Day 1 of 3: Using In Silico and In Vitro Approaches for Next Generation Risk Assessment of Potential

Presentation 1: Arkadiusz K. Kuczaj (University of Twente; Philip Morris Int.)
Title: Accurate aerosol dosimetry predictions using in silico and in vitro approaches for risk assessment methods
Abstract: Aerosol transport and deposition predictions are particularly challenging due to complexities arising from aerosol physics and chemistry processes driven together by the airflow thermodynamics. Existing approaches using experimental in vitro science and computational methods for evolving aerosol dosimetry predictions will be discussed. Special attention will be given towards advancing experimental methods, as well as verification and validation of developed computational models.

Presentation 2: Annie Jarabek (US EPA ORD)
Title: Advancing Application of NAMs and Evidence Integration in Risk Assessment: Dosimetry is Critical to Exposure Alignment
Abstract: Conceptual constructs for source-to-outcome modeling based on aggregate exposure pathway (AEP) and adverse outcome pathway (AOP) frameworks can provide a mechanistic scaffold for evidence integration and application of novel approach methods (NAMs). Dosimetry is critical to achieve exposure alignment across various experimental platforms and inhaled agents. We discuss the conceptual construct, the role of dosimetry models, and illustrate impact by selected integrated approaches to testing and assessments (IATAs).

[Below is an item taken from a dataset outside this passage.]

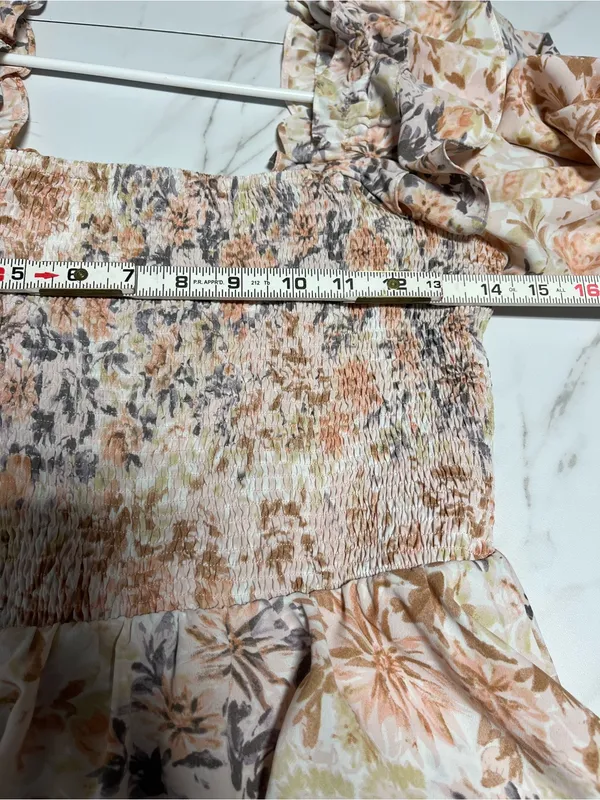 Entro Floral Puff Ruffle Sleeve with smocking peplum bottom size medium - Image 6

Presentation 3: Josué Sznitman (Technion Israel Institute of Technology)
Title: Advanced lung-on-chip platforms for preclinical inhalation assays: bridging in vitro and in silico approaches
Abstract: As advanced models capturing the cellular pulmonary make-up at an air-liquid interface , lung-on-chips (LOC) emulate both morphological features and biological functionality of the airway barrier. In this presentation, we discuss recent developments on devising such advanced human-relevant LOC. In an effort to mimic in situ-like inhalation assays, we exemplify how in silico simulations are leveraged to correlate deposition endpoints of inhaled aerosols.